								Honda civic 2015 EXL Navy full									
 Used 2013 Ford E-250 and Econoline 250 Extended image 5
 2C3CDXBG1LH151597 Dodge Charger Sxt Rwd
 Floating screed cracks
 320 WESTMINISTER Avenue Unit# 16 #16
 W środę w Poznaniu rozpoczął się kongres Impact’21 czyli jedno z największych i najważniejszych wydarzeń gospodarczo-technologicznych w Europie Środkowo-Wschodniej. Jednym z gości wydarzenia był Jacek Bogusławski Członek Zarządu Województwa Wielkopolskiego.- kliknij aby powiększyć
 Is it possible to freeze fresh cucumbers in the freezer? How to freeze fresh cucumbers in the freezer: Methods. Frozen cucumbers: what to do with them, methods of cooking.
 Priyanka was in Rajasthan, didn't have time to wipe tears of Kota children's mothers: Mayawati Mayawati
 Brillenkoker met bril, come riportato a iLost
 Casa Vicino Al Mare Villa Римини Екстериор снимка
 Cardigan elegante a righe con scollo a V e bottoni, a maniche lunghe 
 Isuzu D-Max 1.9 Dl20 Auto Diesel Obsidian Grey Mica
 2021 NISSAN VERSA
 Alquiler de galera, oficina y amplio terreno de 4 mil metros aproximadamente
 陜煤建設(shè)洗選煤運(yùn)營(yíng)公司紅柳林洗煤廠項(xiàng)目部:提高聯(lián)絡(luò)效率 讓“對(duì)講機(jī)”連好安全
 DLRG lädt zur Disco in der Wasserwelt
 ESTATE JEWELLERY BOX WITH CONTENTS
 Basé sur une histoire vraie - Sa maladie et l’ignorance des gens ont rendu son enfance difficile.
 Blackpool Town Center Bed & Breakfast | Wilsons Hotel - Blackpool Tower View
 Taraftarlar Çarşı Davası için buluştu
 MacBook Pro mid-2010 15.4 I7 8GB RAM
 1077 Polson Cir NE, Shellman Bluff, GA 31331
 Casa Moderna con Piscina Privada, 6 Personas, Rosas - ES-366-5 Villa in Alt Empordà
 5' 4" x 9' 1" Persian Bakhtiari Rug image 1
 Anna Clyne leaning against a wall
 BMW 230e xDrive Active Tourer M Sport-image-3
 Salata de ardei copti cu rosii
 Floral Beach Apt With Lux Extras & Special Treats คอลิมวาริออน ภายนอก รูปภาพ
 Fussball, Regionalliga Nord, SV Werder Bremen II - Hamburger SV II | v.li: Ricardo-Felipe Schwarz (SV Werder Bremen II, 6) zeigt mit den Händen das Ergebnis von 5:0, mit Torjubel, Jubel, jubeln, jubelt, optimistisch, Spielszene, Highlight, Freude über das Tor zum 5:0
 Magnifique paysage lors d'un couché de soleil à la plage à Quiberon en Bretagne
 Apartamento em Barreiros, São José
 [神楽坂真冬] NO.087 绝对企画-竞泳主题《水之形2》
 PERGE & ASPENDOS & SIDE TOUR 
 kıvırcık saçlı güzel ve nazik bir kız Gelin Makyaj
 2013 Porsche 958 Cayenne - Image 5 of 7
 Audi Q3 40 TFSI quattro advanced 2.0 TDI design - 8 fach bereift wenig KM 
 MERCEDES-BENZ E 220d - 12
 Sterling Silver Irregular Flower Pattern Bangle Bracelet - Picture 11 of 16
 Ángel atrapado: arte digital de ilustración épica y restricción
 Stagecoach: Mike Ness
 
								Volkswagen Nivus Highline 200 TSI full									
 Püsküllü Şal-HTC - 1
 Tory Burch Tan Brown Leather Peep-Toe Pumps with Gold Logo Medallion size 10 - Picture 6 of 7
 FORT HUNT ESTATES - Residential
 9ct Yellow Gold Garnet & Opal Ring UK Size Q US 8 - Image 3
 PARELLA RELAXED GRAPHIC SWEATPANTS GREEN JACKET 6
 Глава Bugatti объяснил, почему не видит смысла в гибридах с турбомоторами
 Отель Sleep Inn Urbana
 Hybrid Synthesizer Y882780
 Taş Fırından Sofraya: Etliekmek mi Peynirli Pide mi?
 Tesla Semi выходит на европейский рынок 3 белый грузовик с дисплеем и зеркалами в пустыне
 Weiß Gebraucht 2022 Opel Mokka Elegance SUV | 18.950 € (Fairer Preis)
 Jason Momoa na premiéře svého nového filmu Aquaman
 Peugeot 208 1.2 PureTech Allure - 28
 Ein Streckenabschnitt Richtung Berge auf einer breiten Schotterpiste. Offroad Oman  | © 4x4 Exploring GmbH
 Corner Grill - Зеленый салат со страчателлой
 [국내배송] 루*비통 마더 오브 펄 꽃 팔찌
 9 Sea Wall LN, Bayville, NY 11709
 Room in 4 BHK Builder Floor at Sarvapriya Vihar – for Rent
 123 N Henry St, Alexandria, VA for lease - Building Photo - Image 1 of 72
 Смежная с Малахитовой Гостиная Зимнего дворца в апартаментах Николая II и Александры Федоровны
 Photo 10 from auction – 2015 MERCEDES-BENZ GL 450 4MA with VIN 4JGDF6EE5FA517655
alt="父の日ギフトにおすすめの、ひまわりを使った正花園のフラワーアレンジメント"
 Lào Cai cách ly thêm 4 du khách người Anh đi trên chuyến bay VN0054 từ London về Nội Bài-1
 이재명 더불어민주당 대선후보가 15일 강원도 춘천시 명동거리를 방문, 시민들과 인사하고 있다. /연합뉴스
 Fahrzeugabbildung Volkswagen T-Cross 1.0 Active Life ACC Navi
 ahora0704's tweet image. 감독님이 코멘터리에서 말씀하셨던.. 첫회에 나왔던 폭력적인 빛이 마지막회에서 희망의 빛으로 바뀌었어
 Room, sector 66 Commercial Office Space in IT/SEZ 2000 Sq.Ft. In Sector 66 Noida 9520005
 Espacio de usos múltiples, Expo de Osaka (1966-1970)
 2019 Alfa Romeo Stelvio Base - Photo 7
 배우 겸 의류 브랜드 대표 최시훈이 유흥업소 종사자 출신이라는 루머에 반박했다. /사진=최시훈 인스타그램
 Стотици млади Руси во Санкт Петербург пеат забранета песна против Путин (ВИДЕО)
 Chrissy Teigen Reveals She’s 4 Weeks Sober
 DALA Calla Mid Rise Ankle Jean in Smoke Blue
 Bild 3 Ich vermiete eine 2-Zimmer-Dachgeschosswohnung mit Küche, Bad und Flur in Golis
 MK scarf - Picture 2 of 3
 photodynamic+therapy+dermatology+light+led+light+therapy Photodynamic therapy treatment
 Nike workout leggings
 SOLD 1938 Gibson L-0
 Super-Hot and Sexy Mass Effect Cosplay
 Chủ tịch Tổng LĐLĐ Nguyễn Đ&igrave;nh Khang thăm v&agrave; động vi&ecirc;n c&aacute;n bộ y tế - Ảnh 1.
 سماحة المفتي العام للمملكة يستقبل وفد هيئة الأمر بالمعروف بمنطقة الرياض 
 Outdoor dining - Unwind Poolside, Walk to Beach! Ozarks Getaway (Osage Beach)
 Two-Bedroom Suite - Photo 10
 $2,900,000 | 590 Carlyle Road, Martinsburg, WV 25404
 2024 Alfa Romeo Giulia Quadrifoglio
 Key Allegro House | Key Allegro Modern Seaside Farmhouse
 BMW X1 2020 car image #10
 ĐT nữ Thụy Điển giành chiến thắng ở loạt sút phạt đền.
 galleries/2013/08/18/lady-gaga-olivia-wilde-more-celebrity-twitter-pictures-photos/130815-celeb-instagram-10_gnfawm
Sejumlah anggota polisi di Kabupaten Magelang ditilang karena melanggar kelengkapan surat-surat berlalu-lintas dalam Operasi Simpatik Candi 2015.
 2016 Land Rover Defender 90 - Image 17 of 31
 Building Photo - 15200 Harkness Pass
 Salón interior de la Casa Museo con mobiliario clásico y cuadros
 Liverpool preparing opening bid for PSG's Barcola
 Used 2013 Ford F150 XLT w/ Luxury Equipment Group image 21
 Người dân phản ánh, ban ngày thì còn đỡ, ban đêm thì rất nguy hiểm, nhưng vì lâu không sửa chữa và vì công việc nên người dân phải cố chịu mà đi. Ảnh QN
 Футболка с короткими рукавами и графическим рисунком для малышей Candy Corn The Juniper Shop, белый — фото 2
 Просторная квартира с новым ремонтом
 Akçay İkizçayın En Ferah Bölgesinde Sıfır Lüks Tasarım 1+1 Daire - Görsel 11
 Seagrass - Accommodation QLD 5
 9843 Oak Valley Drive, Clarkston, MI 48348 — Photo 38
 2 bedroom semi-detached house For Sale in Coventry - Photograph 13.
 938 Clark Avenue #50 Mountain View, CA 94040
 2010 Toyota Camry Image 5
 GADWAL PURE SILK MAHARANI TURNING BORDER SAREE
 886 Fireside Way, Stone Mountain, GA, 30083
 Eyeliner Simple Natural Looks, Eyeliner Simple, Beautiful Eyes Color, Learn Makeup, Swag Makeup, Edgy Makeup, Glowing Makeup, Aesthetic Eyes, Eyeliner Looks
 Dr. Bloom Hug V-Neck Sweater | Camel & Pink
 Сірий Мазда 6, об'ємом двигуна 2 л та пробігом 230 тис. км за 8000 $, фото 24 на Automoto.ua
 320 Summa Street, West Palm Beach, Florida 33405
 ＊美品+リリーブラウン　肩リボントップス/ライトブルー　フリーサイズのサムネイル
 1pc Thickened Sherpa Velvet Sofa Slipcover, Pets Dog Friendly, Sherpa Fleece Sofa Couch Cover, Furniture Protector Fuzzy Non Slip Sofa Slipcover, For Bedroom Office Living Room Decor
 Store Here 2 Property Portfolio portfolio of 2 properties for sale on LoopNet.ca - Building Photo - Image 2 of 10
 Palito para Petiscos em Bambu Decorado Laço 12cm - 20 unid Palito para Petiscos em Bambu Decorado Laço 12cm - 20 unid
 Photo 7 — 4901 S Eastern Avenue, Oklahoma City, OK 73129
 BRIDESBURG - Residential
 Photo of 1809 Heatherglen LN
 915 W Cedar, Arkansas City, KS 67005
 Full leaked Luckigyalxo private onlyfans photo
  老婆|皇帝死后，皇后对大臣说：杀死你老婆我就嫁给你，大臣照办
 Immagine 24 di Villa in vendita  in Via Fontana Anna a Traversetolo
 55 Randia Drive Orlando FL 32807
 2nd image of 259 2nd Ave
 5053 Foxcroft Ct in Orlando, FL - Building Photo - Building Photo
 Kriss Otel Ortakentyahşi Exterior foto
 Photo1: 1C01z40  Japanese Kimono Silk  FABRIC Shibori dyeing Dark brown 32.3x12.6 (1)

============

▶ **WORK TASK**: Word for word, reproduce the listing above from its start up to and including the line that has "Basé sur une". Give only those lines.

▶ **ANSWER SPACE**:
								Honda civic 2015 EXL Navy full									
 Used 2013 Ford E-250 and Econoline 250 Extended image 5
 2C3CDXBG1LH151597 Dodge Charger Sxt Rwd
 Floating screed cracks
 320 WESTMINISTER Avenue Unit# 16 #16
 W środę w Poznaniu rozpoczął się kongres Impact’21 czyli jedno z największych i najważniejszych wydarzeń gospodarczo-technologicznych w Europie Środkowo-Wschodniej. Jednym z gości wydarzenia był Jacek Bogusławski Członek Zarządu Województwa Wielkopolskiego.- kliknij aby powiększyć
 Is it possible to freeze fresh cucumbers in the freezer? How to freeze fresh cucumbers in the freezer: Methods. Frozen cucumbers: what to do with them, methods of cooking.
 Priyanka was in Rajasthan, didn't have time to wipe tears of Kota children's mothers: Mayawati Mayawati
 Brillenkoker met bril, come riportato a iLost
 Casa Vicino Al Mare Villa Римини Екстериор снимка
 Cardigan elegante a righe con scollo a V e bottoni, a maniche lunghe 
 Isuzu D-Max 1.9 Dl20 Auto Diesel Obsidian Grey Mica
 2021 NISSAN VERSA
 Alquiler de galera, oficina y amplio terreno de 4 mil metros aproximadamente
 陜煤建設(shè)洗選煤運(yùn)營(yíng)公司紅柳林洗煤廠項(xiàng)目部:提高聯(lián)絡(luò)效率 讓“對(duì)講機(jī)”連好安全
 DLRG lädt zur Disco in der Wasserwelt
 ESTATE JEWELLERY BOX WITH CONTENTS
 Basé sur une histoire vraie - Sa maladie et l’ignorance des gens ont rendu son enfance difficile.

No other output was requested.